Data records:
━━━━━━━━━━━━━━━━
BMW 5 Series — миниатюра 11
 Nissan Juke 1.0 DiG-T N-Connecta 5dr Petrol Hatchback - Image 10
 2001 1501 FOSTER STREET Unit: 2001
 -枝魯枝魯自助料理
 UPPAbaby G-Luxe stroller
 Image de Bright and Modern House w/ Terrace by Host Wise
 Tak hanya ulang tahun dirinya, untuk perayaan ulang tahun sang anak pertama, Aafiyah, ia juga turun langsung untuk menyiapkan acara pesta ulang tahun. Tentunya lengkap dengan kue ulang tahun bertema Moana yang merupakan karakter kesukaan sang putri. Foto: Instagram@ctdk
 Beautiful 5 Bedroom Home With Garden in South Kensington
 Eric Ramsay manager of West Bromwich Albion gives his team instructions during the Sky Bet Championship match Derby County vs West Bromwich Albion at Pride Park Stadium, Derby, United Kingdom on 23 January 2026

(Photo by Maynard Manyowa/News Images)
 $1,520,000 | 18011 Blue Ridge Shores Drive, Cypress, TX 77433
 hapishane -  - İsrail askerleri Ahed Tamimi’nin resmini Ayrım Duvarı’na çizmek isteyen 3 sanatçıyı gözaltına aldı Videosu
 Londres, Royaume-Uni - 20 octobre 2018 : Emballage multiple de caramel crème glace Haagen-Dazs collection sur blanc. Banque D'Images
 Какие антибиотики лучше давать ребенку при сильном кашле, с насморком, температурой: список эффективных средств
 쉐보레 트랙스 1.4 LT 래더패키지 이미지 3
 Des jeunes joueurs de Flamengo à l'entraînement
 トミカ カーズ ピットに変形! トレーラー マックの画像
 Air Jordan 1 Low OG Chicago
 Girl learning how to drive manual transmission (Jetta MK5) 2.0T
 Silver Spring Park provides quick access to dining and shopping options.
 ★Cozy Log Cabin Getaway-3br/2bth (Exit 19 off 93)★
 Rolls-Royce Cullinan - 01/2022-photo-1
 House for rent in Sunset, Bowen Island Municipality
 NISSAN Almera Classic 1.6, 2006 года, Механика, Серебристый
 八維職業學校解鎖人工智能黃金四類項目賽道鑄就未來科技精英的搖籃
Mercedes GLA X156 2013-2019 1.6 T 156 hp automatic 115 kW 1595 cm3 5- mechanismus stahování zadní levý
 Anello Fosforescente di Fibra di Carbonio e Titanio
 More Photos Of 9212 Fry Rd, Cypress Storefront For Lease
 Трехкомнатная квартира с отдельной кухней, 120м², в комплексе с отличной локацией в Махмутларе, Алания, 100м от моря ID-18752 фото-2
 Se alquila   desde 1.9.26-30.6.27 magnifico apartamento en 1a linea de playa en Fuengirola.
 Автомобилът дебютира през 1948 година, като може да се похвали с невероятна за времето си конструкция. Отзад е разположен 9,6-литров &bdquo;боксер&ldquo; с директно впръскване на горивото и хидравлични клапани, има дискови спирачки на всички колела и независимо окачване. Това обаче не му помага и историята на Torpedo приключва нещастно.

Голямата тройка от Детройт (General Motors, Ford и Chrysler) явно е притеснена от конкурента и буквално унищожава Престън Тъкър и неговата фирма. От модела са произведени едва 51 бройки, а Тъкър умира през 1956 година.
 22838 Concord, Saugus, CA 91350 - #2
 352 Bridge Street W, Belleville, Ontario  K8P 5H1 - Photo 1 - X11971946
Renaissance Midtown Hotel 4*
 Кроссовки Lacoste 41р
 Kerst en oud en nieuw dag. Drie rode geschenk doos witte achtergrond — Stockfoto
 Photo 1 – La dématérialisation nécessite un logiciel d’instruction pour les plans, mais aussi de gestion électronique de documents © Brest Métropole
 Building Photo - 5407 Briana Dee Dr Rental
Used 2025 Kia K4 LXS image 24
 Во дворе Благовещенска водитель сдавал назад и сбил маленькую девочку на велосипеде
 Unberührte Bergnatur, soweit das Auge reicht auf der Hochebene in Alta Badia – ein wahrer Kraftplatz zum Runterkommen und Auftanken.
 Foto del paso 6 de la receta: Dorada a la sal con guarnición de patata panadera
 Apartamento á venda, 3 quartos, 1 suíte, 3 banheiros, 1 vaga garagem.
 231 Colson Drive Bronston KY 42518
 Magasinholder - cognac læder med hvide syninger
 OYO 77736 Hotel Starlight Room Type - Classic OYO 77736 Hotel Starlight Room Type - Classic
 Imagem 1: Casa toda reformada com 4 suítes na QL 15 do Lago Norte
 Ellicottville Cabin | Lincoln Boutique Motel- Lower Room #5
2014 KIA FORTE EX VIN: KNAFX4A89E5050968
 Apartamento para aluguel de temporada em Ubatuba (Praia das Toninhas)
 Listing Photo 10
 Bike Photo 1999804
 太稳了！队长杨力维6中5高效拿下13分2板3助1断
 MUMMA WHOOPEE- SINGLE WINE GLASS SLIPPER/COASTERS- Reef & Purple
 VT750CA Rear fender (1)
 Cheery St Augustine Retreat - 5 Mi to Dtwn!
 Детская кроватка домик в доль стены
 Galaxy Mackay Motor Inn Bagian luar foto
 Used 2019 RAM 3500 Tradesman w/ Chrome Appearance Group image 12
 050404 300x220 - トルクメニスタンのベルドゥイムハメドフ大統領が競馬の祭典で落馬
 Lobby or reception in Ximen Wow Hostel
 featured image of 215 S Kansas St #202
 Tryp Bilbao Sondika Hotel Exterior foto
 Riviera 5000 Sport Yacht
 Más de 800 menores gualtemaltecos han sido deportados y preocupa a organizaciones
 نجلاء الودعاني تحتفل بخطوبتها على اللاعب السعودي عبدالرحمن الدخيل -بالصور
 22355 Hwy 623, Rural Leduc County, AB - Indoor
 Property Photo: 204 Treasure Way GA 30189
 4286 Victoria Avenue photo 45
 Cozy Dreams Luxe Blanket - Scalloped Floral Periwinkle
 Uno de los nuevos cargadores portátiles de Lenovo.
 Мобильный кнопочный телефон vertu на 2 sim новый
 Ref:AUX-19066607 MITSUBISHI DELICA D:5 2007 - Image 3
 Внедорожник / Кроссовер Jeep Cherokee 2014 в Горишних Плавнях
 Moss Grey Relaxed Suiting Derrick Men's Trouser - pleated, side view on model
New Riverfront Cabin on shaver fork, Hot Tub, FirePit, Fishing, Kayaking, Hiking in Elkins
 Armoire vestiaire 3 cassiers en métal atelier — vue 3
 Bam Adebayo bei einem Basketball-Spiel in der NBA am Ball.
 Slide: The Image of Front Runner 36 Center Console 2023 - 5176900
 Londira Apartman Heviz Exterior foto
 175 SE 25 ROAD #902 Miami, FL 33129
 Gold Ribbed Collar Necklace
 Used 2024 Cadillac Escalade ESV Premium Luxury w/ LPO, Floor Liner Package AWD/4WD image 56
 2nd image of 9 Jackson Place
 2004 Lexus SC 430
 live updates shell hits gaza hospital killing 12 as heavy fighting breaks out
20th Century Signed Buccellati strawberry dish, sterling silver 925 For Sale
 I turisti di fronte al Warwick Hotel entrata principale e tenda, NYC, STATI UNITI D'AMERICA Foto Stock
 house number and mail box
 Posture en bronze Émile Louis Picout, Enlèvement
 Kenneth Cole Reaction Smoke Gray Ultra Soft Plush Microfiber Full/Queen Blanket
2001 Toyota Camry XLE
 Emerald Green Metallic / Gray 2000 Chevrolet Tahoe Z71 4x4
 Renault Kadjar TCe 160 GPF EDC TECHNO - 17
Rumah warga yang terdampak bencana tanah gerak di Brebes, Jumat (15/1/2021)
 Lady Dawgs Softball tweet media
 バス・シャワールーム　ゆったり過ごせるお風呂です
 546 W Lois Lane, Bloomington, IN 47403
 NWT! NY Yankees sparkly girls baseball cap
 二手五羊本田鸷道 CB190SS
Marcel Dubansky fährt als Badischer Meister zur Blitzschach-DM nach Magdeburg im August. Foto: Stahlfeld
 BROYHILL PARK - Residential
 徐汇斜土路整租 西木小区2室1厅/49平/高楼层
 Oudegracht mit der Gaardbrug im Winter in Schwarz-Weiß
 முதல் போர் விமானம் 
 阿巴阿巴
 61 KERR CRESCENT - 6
━━━━━━━━━━━━━━━━
- [Exercise]: Look through the entries above and quote exactly the lines from the line with "2nd image of 9 Jackson Place" to the line with "Marcel Dubansky fährt", counting both of those lines.

- [Reply]:
 2nd image of 9 Jackson Place
 2004 Lexus SC 430
 live updates shell hits gaza hospital killing 12 as heavy fighting breaks out
20th Century Signed Buccellati strawberry dish, sterling silver 925 For Sale
 I turisti di fronte al Warwick Hotel entrata principale e tenda, NYC, STATI UNITI D'AMERICA Foto Stock
 house number and mail box
 Posture en bronze Émile Louis Picout, Enlèvement
 Kenneth Cole Reaction Smoke Gray Ultra Soft Plush Microfiber Full/Queen Blanket
2001 Toyota Camry XLE
 Emerald Green Metallic / Gray 2000 Chevrolet Tahoe Z71 4x4
 Renault Kadjar TCe 160 GPF EDC TECHNO - 17
Rumah warga yang terdampak bencana tanah gerak di Brebes, Jumat (15/1/2021)
 Lady Dawgs Softball tweet media
 バス・シャワールーム　ゆったり過ごせるお風呂です
 546 W Lois Lane, Bloomington, IN 47403
 NWT! NY Yankees sparkly girls baseball cap
 二手五羊本田鸷道 CB190SS
Marcel Dubansky fährt als Badischer Meister zur Blitzschach-DM nach Magdeburg im August. Foto: Stahlfeld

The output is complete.